**Exercise prompt:** Directions for the data below: repeat exactly the lines from the one with "This is a tres" through the one with "Whole Coconut Cut", both included, and omit all pictures.

Web page caption snippets:

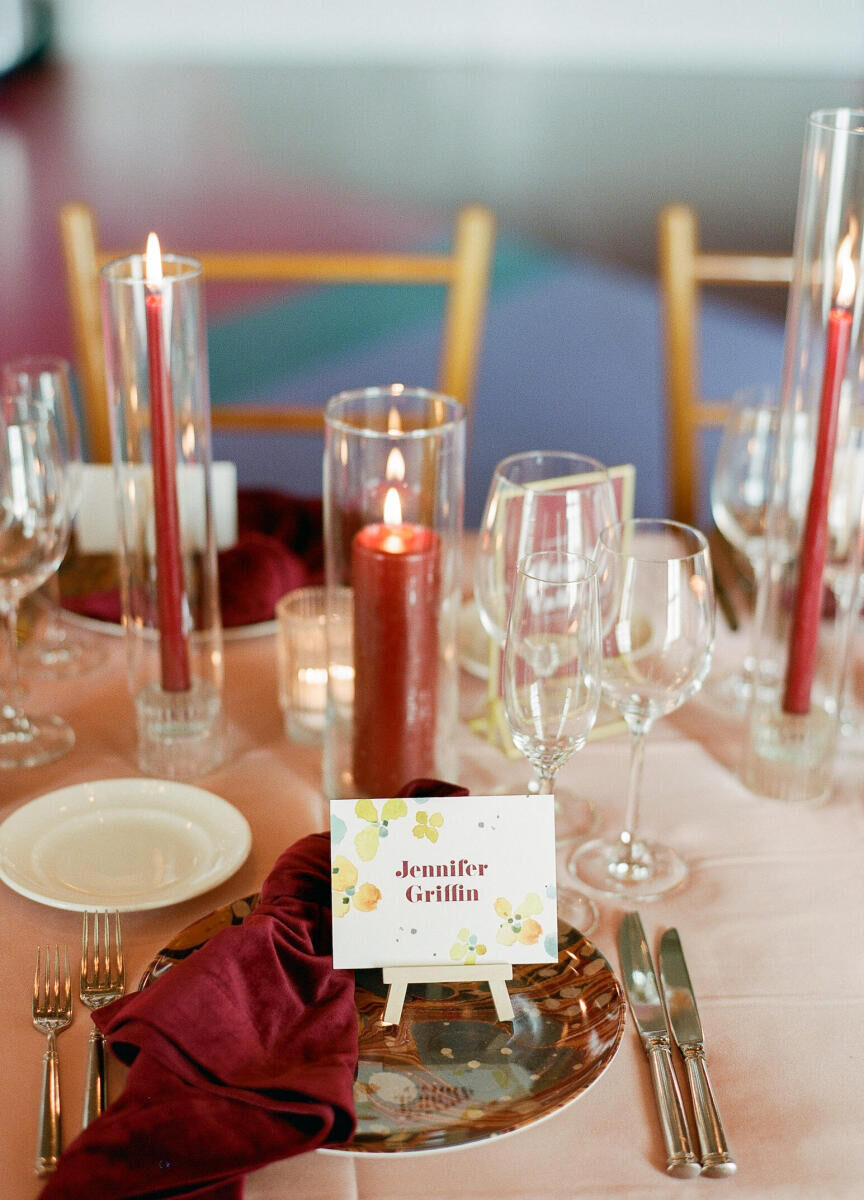 Tiny easels hold watercolor place cards at each place setting of this art-inspired wedding reception.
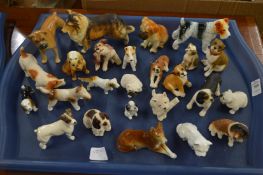A collection of porcelain models of dogs.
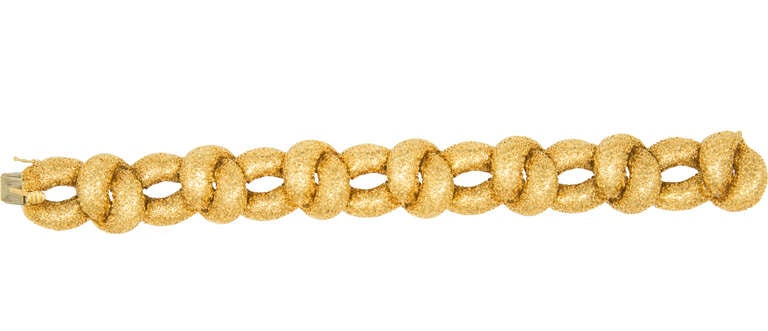 This is a tres chic, 18KT gold link bracelet. The workmanship is of the highest quality.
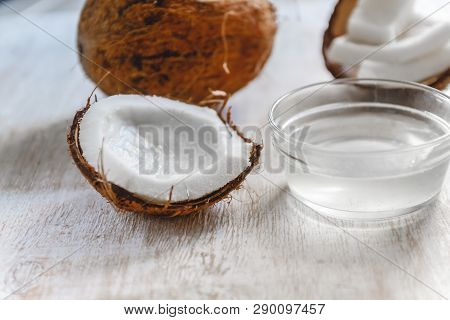 Whole Coconut Cut Into Chunks And Chips And Milk On A Light White Wooden Background. Top View.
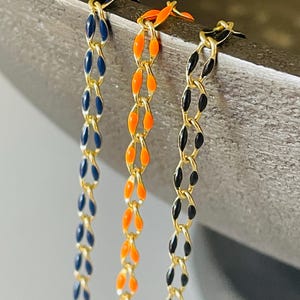 May include: Three gold-toned chain necklaces with colorful enamel links. One is navy blue, one is orange, and the third is black. The chains are hanging against a neutral background.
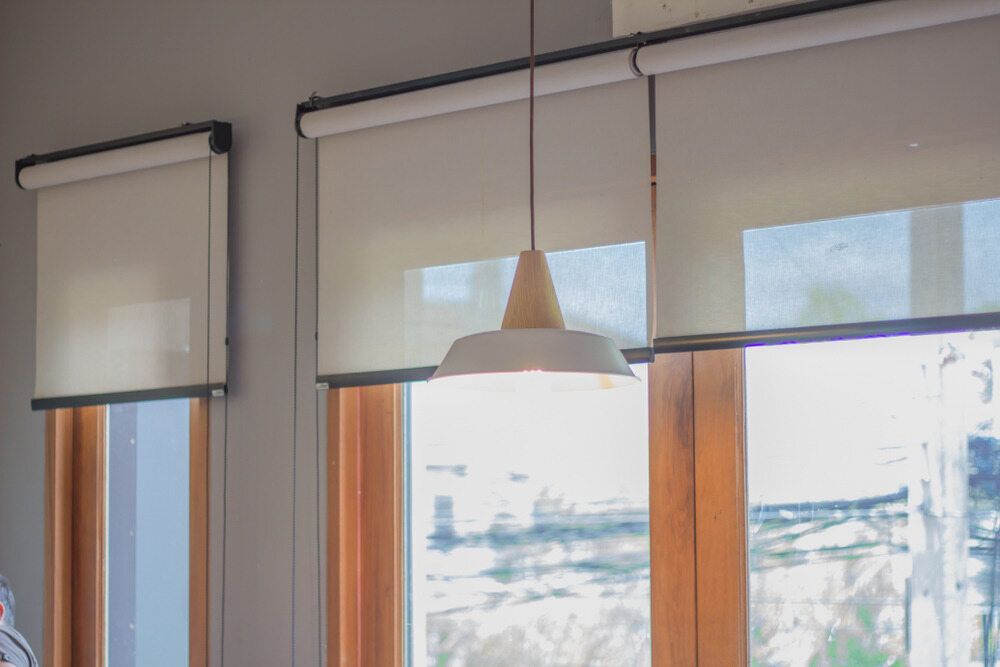 There Are Two Windows With Blinds and a Lamp Hanging From the Ceiling — Lismore Blinds in Ballina, NSW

**Written answer:**
 This is a tres chic, 18KT gold link bracelet. The workmanship is of the highest quality.
 Whole Coconut Cut Into Chunks And Chips And Milk On A Light White Wooden Background. Top View.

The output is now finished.